I have also heard from the grapevine that Griffon has suggested that they are not entirely against the deal with GOIL but they should have been allowed to partner with GOIL to hold the 5% interest in the ExxonMobil petroleum exploration agreement.
But again that is just not possible I must say, from where I sit. This is because GOIL if am right would not allow that because they are also looking to building their capacity to be able to take a block in future. I even don’t think that the government itself will consider having a private company partner a company which holds substantial shares in the 5% paid up interest.

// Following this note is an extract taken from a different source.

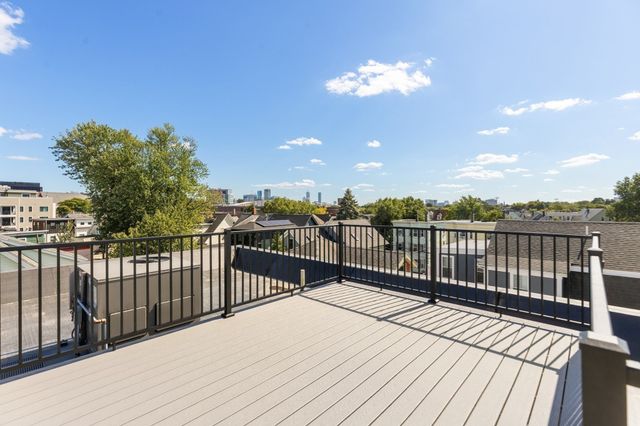 14 Carlton St C, Somerville, MA 02143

As for the law, I insist there must be amendments to the part which gives too much powers to the Energy Minister. But let’s also bear in mind that maybe the government did not want to give agreements to companies which may not immediately be financially and technically ready to start exploratory activities.
This is because companies like HESS ended up selling their license or block to Aker after they held it for many years but failed to carry out any exploratory activity. There are also blocks like AGM, BRITIANIA, UB, SAHARA, ECO among others which have been lying without any exploratory activities for many years.